FRUTO PROIBIDO

Aos poucos a criatura sentia-se mais segura ao andar naquele lugar, seus passos gradativamente mostravam uma firmeza maior. A paisagem que se estendia a sua frente era composta por uma relva muito verde e macia ao toque, árvores de tamanhos variados, um rio de águas cristalinas e montanhas que emprestavam um belo contorno a tudo o que seus olhos viam.

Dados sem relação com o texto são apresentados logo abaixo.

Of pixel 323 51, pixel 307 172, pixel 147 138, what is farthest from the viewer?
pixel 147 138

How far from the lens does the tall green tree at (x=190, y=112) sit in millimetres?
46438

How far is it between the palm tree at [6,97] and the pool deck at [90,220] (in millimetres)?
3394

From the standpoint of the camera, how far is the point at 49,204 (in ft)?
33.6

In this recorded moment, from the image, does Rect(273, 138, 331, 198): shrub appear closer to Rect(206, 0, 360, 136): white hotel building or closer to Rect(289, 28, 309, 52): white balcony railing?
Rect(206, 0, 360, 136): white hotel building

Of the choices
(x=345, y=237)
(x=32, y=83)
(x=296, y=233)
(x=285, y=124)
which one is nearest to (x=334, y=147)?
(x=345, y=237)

Em um determinado momento ele agachou-se e pegou algo no chão. Olhou para a pequena coisa que se movia em sua mão, era menor que o menor de seus dedos e parecia ser muito frágil. Ficou olhando para ela por mais algum tempo, depois desinteressou-se e a largou onde a encontrou.

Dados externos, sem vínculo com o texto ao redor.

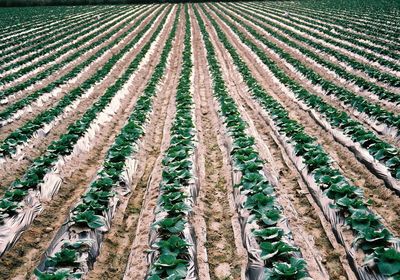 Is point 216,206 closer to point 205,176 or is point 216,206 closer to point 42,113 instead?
point 205,176

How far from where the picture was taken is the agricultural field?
4219mm

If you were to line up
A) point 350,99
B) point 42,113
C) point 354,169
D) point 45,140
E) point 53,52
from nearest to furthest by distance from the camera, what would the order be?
point 354,169
point 45,140
point 350,99
point 42,113
point 53,52

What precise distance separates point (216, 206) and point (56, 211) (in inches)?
109

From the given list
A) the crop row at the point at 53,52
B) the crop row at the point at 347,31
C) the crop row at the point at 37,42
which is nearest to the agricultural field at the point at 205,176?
the crop row at the point at 53,52

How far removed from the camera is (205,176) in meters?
6.52

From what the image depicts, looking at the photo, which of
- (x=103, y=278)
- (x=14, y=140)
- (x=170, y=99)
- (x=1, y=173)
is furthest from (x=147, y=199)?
(x=170, y=99)

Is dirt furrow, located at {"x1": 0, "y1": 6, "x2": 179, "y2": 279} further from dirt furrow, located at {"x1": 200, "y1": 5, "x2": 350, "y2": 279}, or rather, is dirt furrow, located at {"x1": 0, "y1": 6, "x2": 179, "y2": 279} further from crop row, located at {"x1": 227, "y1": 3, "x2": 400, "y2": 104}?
crop row, located at {"x1": 227, "y1": 3, "x2": 400, "y2": 104}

O vento que corria por aquelas paragens fazia as árvores mexerem-se de um lado a outro. A criatura gostou da sensação que este fazia em sua epiderme e abriu os seus braços para melhor receber aquela coisa que ele não via, mas que lhe causava algo estranhamente bom. Suas narinas sentiam uma miríade de cheiros, alguns agradáveis e outros não. Sons os mais variados chegavam até os seus ouvidos. Ergueu sua cabeça, olhou para o alto e achou bonito o que viu: coisas flutuavam muito acima de onde ele estava. Elas eram rápidas e faziam movimentos diversos. Aquilo para ele era um grande mistério. Como é que elas conseguiam ficar tão acima dele?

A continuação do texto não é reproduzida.